* _Directions_:
The expected output is an exact copy of the lines from the one containing "Parti Cavapoo" to the final line below, minus any pictures.

* _Working data_:
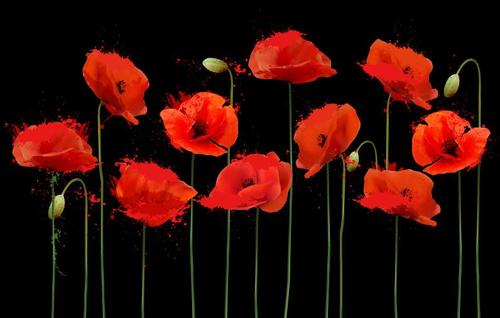 Bright-coloured poppies vector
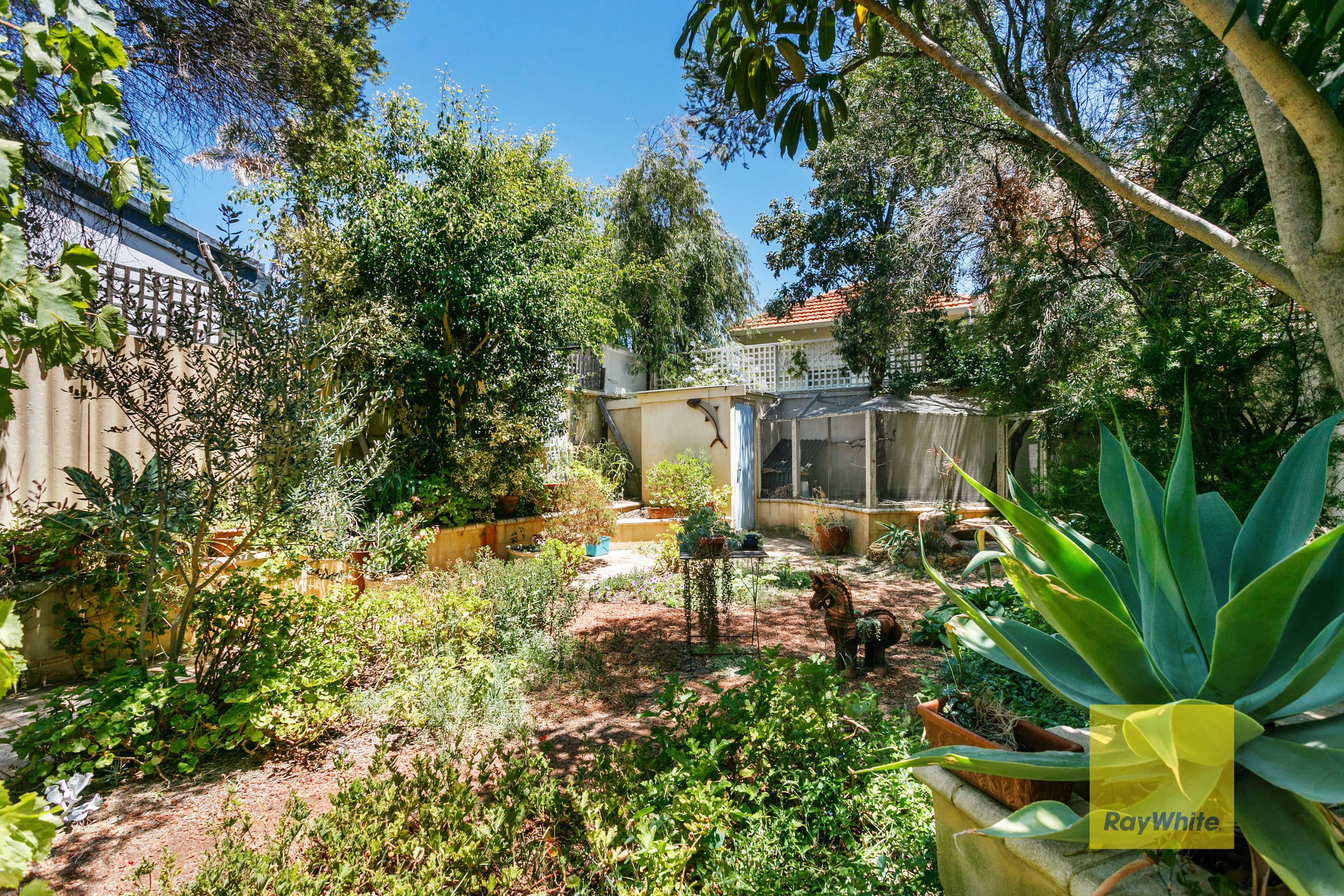 41 Margaret Street, Cottesloe WA 6011, Cottesloe - Thumbnail 8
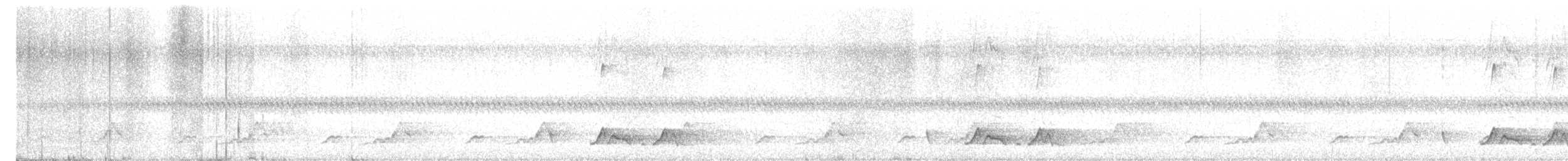 Schwarzkehl-Nachtschwalbe - ML619180050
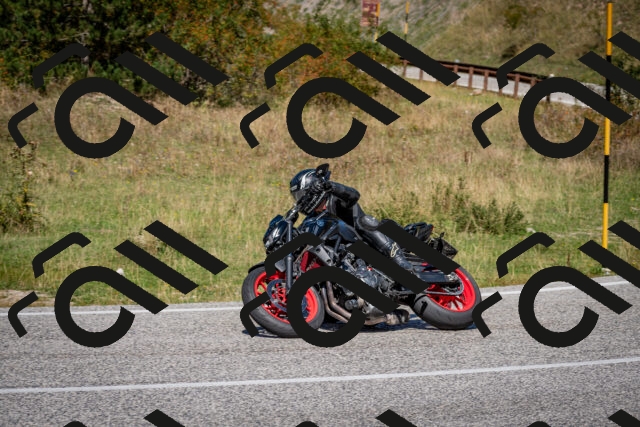 202509061239-DSC_1475_c2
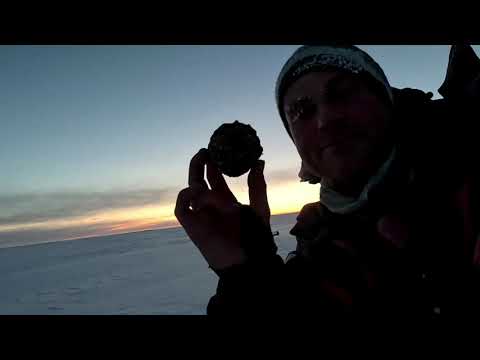 Видео: Крупная плотва весной со льда! Тёплое озеро, Наха, Эстония.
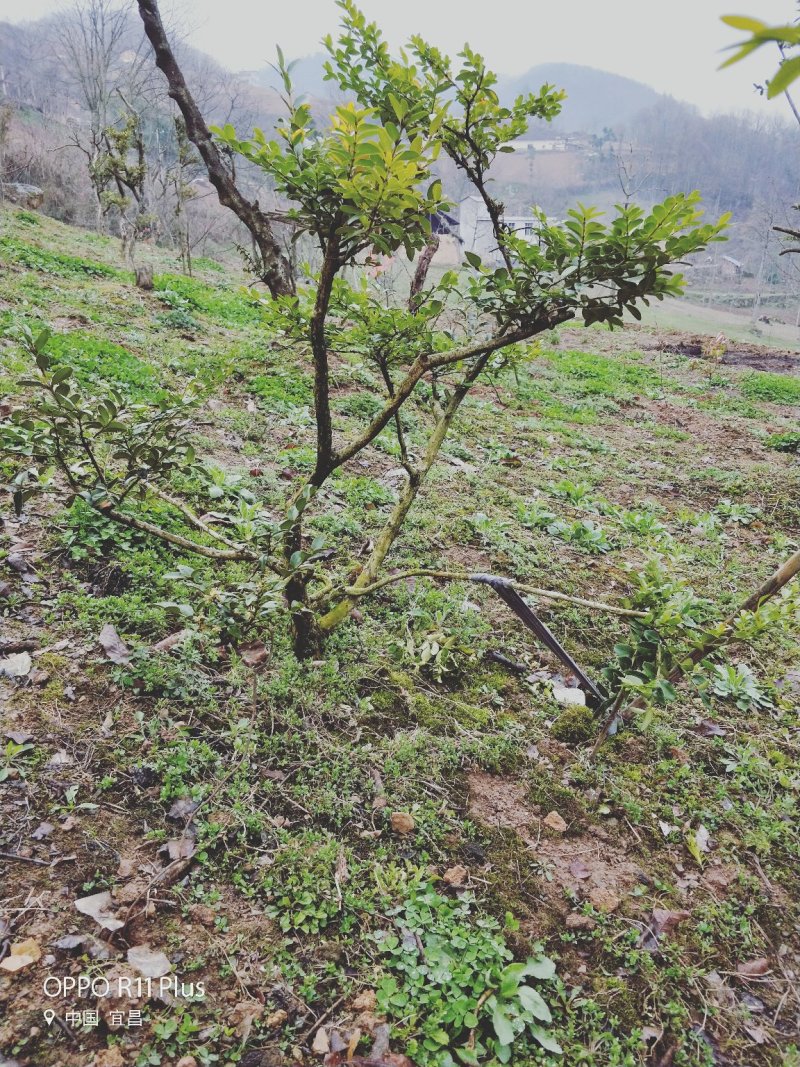 瓜子黄杨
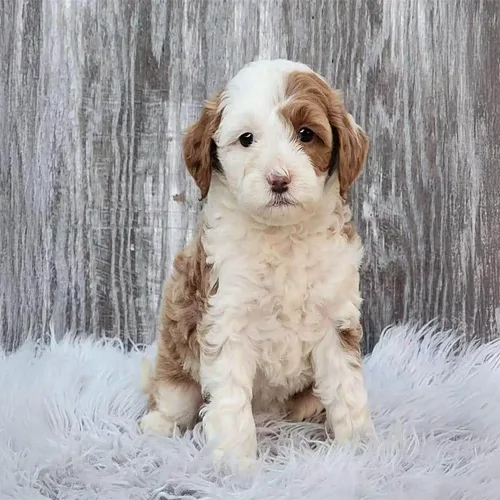 Parti Cavapoo
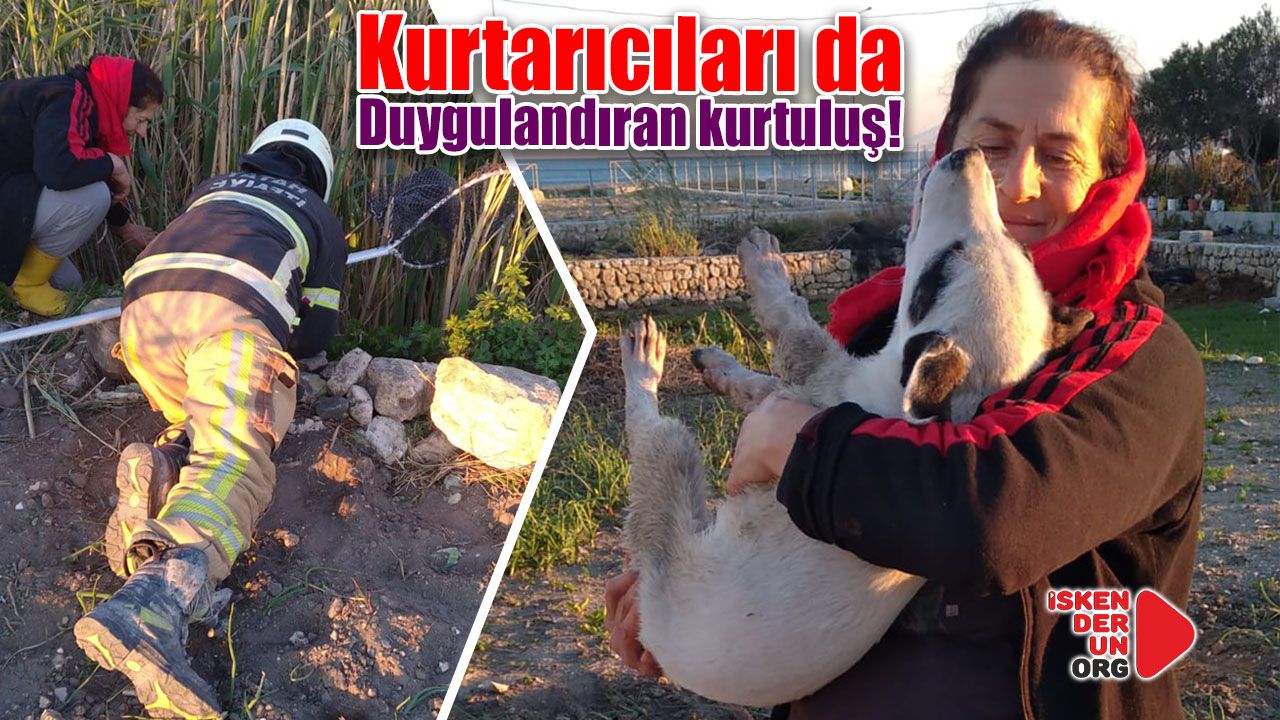 Kurtarılan köpekle sahibi duygulandırdı…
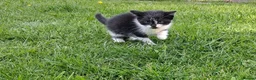 Mixed Breed cats for sale: £20 1 beautiful black&white male - Advert 4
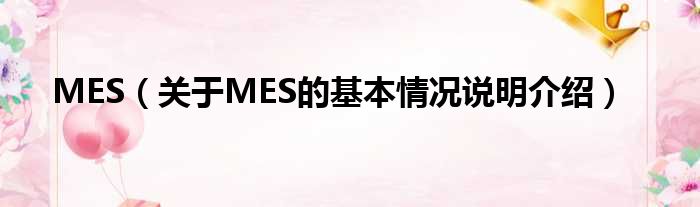 MES（对于MES的根基情景剖析介绍）
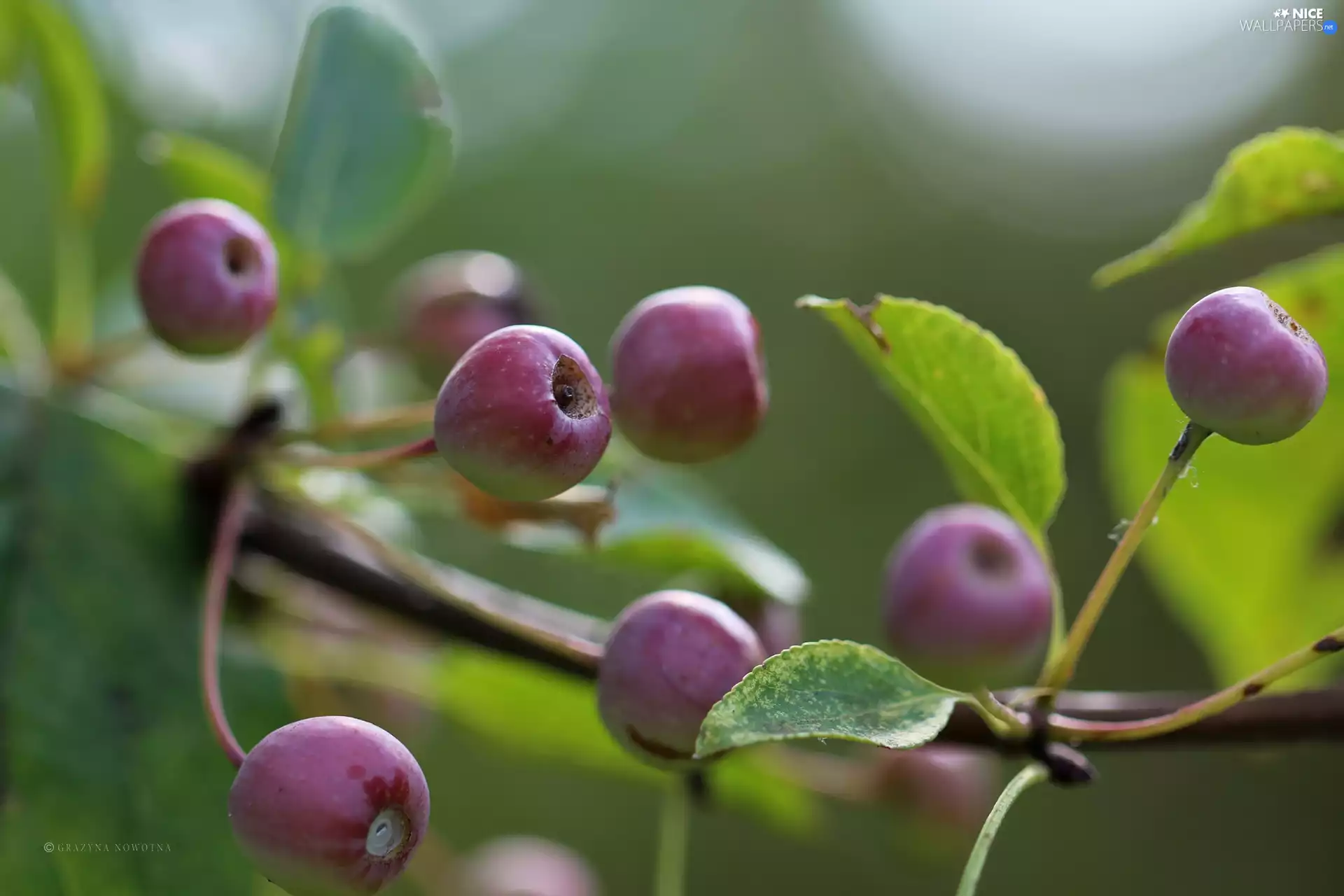 Paradise Apples, Fruits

* _Answer to the problem_:
 Parti Cavapoo
 Kurtarılan köpekle sahibi duygulandırdı…
 Mixed Breed cats for sale: £20 1 beautiful black&white male - Advert 4
 MES（对于MES的根基情景剖析介绍）
 Paradise Apples, Fruits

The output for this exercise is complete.